Description of the task: Your answer must be the exact lines of the listing below that run from the line with "Pale Pink beer" to the line with "Alien Arrival : Salvation", ends included, and no pictures.

The input:
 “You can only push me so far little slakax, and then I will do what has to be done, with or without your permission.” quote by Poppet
...
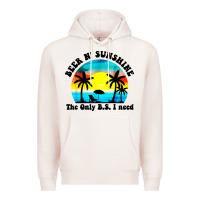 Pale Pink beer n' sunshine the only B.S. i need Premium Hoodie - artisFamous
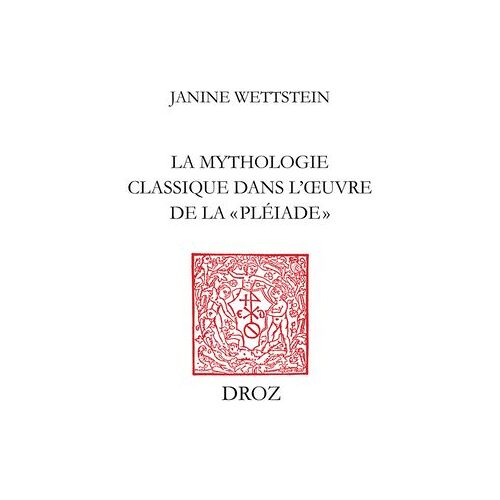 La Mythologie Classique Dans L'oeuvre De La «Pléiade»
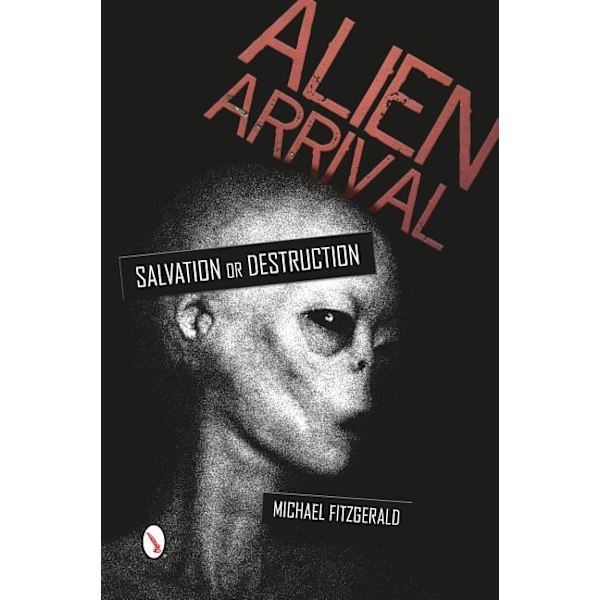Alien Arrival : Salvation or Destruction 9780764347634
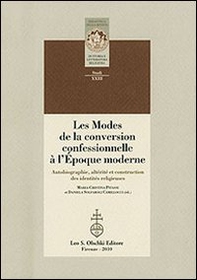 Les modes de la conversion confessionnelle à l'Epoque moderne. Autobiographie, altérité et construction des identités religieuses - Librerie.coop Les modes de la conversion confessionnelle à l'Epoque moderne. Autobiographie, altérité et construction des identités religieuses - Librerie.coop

Your solution:
 Pale Pink beer n' sunshine the only B.S. i need Premium Hoodie - artisFamous
 La Mythologie Classique Dans L'oeuvre De La «Pléiade»
Alien Arrival : Salvation or Destruction 9780764347634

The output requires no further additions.